How we can determine the cost basis of stock that we received as a gift?
If you have been assuming that in order to be able to conduct the determination of liability in regard to the gift tax, the value that is associated with a gift of stock is regarded as being gifted shares cost basis, this article will shed more light on the real situation regarding this type of issue. Thus, it is understood from this vantage point that when someone is given a gift of stock, there is the placement of a different value for the sake of gift purposes as well as income tax purposes. Liability for gift tax is founded on what is regarded as being fair market value in terms of the date when the gift is actually received. Liability in terms of income tax, which is set forth at the time when the receiver decides to sell the stock, is founded on both the holding period of the stock as well as the cost basis of the designated shares of the stock.
A lot of issues can arise
It cannot be denied that gifts of stock can cause the rising of many issues pertaining to taxation. This is due to the fact that there are a variety of methods for determining the value of the stock based on if the stock is for the sake of income tax or for gift purposes.
The possibility of possessing a liability for gift tax is applied only to the one who donates more than a designated cap off-limit, such as fifteen thousand dollars or more in the year 2020 to an individual in the span of a year.
Calculating the cost basis on gifted stock
The one who received the gift is not required to pay a tax on the gift. However, when the person moves forward with selling the stock, there is the requirement to derive the calculation of a value of the stock for the sake of income tax.
The cost basis of the stock that the person received as a gift (“gifted stock”) is determined by the giver’s original cost basis and the fair market value (FMV) of the stock at the time he or she received the gift.
There are 3 solutions :
1) If fair market value (FMV) is more than the original cost basis, a person should use the original cost basis during the selling process.
2) If fair market value (FMV) is less than the original cost basis, a person sold the stock for more than the original basis should use the original cost basis in the calculation.
3) If fair market value (FMV) is less than the original cost basis, a person sold the stock for more than the original basis but less than the fair market value at the time of the gift, than selling price will become a cost basis.
Determining the value of the stock for the sake of gift tax
The tax basis of gifted stock: The value pertaining to a gift of stock for the sake of liability in regard to gift tax is not considered as being the cost basis of the donor. Instead, the value in regard to a gift of stock in light of the issue of liability for gift tax is considered to be the market value of the stock when the gift is provided to the recipient. Take into consideration for example, that you bought one hundred shares of a particular type of stock at a rate of fifty dollars for each share. The cost basis then is noted as being five thousand dollars. At the present time, the stock is now eighty dollars per share and you decide to give the stock as a gift to someone. Thus, for the sake of gift tax, it is noted that the determined value concerning your gift is eight thousand dollars.
For the year of 2020, it was possible for someone to contribute as much as fifteen thousand dollars to a limitless number of people per year while there was no need to report such gifts or to pay a tax on those gifts. If there was the giving of more than fifteen thousand dollars to any particular person, then the scene changed. It was necessary to include a report of the gift when filing taxes. However, there was no need to make any payment of taxes until there is the giving away in excess of eleven million four hundred thousand dollars, which is the present limit for a lifetime–in regard to the amount of mentioned in the sample as well over the amount of fifteen thousand dollars each year for each person.

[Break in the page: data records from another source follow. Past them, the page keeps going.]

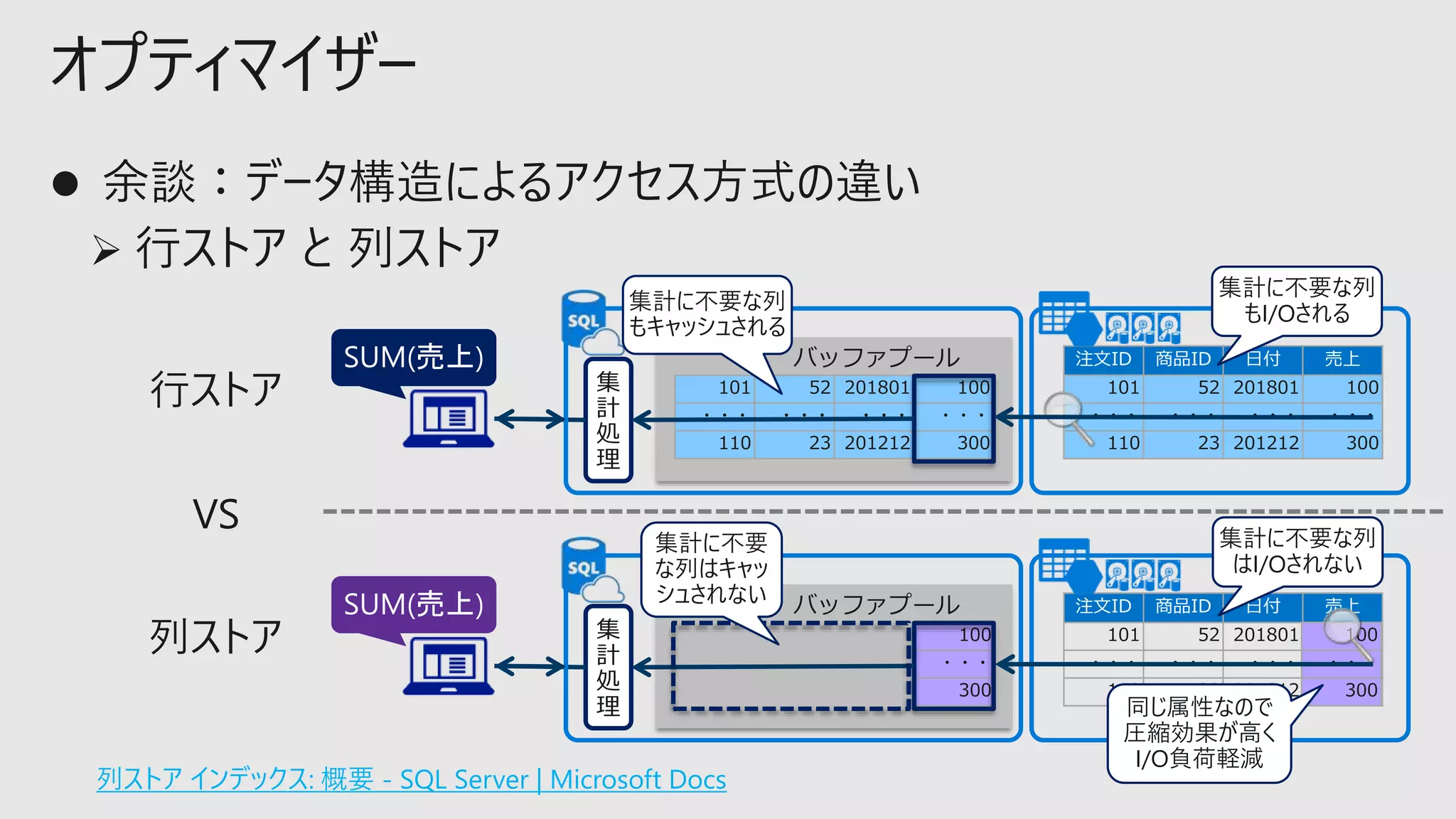 オプティマイザー
注文ID 商品ID 日付 売上
101 52 201801 100
・・・ ・・・ ・・・ ・・・
110 23 201812 300
集
計
処
理
101 52 201801 100
・・・ ・・・ ・・・ ・・・
110 23 201212 300
バッファプール
101 52 201801 100
・・・ ・・・ ・・・ ・・・
110 23 201212 300
集計に不要な列
もI/Oされる
集計に不要な列
もキャッシュされる
注文ID 商品ID 日付 売上
101 52 201801 100
・・・ ・・・ ・・・ ・・・
110 23 201812 300
集
計
処
理
100
・・・
300
バッファプール
100
・・・
300
行ストア
列ストア
集計に不要
な列はキャッ
シュされない
同じ属性なので
圧縮効果が高く
I/O負荷軽減
列ストア インデックス: 概要 - SQL Server | Microsoft Docs
VS 集計に不要な列
はI/Oされない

Thus, in regard to the example, there is no liability for gift tax. But in such cases that the stock was worth two hundred dollars per share, then the determined value of the gift would be designated as twenty thousand dollars. This would make it necessary to conduct a report for this amount, which means that five thousand dollars would undergo application in relation to the lifetime exemption of eleven million four hundred thousand dollars.
Determining the value of the stock for the sake of income tax
The person who receives the gift is not responsible for any gift taxes at the time of receiving the gift of stock. On the other side of the spectrum, it is noted that in such an instance if the person makes the choice of selling the stock, then there is the issue of determining the valuation of the stock for the sake of income taxes. It is at this point that complexities can develop.
It is a typical setting that when it comes to the matter of determining the value in regard to a gift of stock for the sake of liability linked to capital gains tax, the cost basis of the donor as well as the holding period are applied. Take into consideration for example, that your grandfather provides you with a gift of stock. He purchased the stock at a rate of ten dollars for each share. At the time that you receive the gift of stock, it has a value of fifteen-dollar for each share. If you decide to move forward with selling the stock, no matter if there is the deriving of a loss or a gain, your cost basis will be regarded as being equivalent to that of the cost basis of your grandfather at a rate of ten dollars for each share. If you sell the stock at a rate of twenty-five dollars for each share, then you will be required to pay tax based on either the short term rate or the long term rate, which takes into consideration the length of time that the stock had been owned by your grandfather. This will be applied to a gain of fifteen dollars per share. If you conduct the selling of the stock at eight dollars per share, then it is determined that two dollars will be your capital loss for each share.